I think you can understand this code by walking through an informal proof by induction that it works for trees of depth d.
For depth 1 you just have a single node and both Min-Value and Max-Value return the utility of this node.
For depth d > 1 consider Min-Value first. v starts off as infinity, so at the first call to Min(v, Max-Value(s)) v gets set to the utility of a child node, as computed by Max, because it is Max's turn after Min, and we know it is correct by induction because it is of depth d-1. (This call amounts to an assignment because v <= infinity), Later calls to Min(v, Max-Value(s)) in this routine end up computing the Min of Max-Value(s) over all children of the node passed in.
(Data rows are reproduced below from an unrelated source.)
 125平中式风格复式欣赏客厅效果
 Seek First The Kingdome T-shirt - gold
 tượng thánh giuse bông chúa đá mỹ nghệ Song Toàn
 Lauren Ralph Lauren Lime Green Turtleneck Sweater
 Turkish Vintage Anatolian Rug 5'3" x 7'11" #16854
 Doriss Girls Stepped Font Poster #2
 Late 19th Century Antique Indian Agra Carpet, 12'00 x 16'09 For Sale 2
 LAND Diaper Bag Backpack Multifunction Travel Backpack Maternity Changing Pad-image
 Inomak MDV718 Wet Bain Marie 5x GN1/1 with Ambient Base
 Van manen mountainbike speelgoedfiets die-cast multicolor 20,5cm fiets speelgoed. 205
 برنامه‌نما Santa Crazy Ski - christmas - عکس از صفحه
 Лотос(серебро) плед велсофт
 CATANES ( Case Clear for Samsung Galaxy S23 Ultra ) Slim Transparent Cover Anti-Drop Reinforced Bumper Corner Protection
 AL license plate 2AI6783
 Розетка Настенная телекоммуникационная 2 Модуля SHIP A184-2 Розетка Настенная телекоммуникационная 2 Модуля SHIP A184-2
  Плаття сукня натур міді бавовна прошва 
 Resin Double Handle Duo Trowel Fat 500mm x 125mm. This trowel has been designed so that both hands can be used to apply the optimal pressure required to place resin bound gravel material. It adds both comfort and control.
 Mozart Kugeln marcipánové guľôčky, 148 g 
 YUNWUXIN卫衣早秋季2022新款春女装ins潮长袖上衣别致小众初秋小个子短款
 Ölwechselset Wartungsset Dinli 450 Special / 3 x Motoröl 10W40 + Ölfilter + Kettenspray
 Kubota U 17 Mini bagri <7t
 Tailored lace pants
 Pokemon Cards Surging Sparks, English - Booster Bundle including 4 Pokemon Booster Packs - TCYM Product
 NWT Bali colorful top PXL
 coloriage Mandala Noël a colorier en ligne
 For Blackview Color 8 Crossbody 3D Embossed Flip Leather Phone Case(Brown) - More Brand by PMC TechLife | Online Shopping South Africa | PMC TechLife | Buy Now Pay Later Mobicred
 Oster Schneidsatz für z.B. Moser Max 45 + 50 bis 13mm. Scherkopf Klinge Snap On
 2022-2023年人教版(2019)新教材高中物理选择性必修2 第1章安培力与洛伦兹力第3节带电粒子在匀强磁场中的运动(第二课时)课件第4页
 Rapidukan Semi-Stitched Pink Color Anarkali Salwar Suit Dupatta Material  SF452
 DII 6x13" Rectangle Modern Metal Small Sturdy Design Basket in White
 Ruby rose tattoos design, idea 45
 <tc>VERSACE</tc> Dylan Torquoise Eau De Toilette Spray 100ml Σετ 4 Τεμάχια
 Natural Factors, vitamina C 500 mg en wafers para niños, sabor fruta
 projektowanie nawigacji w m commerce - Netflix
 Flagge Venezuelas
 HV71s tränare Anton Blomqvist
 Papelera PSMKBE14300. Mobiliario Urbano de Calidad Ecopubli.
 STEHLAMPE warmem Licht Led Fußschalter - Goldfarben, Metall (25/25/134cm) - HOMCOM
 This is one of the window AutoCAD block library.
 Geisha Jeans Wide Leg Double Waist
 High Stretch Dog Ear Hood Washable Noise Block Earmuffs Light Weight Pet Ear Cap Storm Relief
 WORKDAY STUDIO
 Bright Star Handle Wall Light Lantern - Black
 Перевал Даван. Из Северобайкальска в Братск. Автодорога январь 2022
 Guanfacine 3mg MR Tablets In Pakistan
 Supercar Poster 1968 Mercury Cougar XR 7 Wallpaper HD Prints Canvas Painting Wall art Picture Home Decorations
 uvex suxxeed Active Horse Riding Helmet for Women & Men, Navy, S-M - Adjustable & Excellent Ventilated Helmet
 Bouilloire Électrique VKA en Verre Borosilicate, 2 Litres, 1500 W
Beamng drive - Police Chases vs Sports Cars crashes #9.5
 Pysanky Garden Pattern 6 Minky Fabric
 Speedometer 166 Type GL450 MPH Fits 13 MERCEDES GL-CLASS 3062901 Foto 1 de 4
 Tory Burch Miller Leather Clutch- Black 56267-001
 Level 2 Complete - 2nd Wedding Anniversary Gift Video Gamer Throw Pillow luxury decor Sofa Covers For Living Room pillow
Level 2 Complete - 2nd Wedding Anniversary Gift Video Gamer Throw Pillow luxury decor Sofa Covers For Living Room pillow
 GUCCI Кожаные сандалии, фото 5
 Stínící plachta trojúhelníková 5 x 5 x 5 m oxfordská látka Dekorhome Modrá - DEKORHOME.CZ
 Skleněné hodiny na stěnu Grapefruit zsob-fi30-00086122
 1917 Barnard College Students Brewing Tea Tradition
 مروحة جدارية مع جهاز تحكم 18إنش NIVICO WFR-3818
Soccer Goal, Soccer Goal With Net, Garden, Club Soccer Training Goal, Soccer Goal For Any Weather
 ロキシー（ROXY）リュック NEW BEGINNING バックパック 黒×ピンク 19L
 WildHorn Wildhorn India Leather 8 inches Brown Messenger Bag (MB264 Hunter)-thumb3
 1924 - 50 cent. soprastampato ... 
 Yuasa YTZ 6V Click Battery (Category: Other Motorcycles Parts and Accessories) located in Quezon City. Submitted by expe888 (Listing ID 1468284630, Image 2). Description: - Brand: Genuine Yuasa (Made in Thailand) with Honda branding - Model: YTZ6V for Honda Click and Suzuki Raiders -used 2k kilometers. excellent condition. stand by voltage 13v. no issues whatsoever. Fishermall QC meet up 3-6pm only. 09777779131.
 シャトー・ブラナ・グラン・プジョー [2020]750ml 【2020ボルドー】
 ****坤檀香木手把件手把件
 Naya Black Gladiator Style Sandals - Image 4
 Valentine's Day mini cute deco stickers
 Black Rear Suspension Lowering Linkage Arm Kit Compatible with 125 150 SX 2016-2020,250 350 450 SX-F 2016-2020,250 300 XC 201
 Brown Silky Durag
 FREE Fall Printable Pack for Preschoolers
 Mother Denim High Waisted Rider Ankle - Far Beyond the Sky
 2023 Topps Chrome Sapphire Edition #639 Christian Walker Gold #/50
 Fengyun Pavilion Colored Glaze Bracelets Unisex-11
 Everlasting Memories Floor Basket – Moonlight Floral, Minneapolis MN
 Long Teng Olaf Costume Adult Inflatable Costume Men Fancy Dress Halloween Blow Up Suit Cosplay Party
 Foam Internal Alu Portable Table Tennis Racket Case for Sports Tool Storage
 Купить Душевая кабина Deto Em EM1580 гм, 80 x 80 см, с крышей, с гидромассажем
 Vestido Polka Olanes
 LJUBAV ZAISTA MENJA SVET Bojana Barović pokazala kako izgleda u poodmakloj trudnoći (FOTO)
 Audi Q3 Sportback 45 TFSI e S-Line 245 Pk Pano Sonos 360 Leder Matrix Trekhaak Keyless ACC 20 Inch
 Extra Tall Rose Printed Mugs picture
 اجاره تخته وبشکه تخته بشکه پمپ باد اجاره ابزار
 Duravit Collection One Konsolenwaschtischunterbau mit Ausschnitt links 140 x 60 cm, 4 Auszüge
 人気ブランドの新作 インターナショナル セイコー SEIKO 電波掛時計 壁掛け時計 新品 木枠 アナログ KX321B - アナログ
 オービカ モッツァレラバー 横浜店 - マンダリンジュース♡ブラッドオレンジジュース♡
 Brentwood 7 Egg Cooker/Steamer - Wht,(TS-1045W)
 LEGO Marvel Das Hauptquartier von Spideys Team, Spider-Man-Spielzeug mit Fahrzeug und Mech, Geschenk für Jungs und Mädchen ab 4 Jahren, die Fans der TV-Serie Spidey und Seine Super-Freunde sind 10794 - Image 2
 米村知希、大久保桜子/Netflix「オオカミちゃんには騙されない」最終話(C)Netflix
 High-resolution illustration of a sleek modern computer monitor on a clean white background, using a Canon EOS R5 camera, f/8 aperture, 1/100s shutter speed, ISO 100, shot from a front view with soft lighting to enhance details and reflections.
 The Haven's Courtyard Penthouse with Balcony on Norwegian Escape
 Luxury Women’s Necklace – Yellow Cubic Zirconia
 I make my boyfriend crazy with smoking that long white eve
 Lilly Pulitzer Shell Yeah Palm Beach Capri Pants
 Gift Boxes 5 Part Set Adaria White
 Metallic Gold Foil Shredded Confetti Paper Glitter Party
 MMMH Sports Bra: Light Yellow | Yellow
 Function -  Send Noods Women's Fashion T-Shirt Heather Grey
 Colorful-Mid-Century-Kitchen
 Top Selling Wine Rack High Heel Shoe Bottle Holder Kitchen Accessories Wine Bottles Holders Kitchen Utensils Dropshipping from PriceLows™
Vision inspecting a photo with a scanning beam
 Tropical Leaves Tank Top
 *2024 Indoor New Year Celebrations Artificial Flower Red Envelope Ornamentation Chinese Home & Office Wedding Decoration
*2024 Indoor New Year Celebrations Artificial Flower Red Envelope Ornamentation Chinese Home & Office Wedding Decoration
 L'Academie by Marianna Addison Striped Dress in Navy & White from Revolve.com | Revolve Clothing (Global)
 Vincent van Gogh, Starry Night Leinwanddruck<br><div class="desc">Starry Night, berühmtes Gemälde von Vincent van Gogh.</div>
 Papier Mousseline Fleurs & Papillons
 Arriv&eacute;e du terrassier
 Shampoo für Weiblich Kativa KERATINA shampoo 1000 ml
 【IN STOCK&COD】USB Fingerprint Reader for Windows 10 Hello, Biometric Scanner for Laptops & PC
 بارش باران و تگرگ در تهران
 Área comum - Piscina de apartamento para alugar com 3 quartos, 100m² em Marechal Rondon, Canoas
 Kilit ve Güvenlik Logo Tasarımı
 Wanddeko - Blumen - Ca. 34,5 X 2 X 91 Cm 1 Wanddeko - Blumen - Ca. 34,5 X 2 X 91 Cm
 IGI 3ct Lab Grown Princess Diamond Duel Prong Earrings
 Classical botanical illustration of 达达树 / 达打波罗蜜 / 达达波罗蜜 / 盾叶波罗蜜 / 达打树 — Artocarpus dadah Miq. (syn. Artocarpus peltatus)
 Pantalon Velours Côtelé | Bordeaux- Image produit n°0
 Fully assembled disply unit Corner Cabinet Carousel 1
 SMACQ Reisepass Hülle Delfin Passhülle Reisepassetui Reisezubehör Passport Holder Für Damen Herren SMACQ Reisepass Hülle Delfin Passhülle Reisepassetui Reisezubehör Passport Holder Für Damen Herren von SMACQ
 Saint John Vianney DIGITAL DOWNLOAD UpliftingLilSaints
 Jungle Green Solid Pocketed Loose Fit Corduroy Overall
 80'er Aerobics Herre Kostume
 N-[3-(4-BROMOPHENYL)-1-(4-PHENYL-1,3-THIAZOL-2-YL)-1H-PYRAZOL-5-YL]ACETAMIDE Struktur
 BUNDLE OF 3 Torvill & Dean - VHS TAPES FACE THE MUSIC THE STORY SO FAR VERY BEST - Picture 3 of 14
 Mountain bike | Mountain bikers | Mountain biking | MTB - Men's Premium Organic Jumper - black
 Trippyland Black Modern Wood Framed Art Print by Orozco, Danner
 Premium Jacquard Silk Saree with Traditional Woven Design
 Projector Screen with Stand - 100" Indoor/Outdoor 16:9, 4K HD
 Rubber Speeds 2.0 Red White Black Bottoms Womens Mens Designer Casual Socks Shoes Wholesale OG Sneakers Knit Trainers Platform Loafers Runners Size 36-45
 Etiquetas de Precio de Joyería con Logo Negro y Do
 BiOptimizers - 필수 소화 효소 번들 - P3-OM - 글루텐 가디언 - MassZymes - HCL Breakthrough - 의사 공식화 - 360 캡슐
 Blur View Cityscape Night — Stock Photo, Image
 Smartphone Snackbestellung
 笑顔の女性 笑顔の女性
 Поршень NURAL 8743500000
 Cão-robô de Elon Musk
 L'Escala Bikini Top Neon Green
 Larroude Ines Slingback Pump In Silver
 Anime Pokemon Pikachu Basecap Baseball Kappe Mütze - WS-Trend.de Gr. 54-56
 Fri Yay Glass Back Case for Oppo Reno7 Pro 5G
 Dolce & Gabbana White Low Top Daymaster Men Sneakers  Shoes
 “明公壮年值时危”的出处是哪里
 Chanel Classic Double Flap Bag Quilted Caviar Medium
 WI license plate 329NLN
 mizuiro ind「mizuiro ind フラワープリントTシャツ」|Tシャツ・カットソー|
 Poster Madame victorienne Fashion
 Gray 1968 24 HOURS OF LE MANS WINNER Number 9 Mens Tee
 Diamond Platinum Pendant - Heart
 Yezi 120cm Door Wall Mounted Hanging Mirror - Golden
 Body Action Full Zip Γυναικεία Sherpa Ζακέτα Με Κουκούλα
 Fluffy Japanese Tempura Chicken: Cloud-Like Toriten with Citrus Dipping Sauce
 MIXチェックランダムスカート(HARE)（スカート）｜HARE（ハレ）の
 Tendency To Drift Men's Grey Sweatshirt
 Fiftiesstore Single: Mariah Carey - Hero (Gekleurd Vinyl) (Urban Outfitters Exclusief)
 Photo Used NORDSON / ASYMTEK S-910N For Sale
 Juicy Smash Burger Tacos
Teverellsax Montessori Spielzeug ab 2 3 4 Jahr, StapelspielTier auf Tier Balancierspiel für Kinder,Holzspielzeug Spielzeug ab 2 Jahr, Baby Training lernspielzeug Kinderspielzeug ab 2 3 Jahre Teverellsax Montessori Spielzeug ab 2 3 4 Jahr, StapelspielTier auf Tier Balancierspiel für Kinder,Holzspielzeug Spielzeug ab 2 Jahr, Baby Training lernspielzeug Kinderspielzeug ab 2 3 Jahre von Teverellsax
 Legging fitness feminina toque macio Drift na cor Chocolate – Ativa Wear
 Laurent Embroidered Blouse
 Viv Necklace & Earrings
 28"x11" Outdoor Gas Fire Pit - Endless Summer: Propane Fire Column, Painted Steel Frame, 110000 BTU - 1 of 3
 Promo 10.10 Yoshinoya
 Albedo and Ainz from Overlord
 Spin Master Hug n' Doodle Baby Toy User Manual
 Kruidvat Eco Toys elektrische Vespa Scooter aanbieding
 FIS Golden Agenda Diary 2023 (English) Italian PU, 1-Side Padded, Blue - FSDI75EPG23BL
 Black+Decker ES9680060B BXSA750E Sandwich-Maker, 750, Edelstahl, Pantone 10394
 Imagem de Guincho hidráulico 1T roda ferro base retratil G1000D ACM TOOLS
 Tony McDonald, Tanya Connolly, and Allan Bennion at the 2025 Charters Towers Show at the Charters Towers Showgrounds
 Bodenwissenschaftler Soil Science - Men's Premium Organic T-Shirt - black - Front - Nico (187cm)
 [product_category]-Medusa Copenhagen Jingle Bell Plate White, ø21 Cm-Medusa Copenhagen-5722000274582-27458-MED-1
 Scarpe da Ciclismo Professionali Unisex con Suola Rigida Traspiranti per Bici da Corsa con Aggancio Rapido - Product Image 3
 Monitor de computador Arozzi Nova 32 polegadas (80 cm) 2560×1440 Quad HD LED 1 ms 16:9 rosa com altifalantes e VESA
So Min-Value ends up computing the minimum utility over all children of the node passed in, which is the value of that node to Min when it is Min's turn to move.
The argument for Max-Value is much the same as for Min-Value, so the induction tells you that, for trees of any depth, both Min-Value and Max-Value return to you the value of the node passed to them, when it is Max or Min's turn to move and make the choices associated with that node.
You could also show by induction that what this code does is equivalent to what you have described.
So the double recursion arises because it allows Max and Min to take alternate turns as you walk up the tree from the leaves, and v is a temporary which is used to work out the min or max value of all the child nodes of a tree.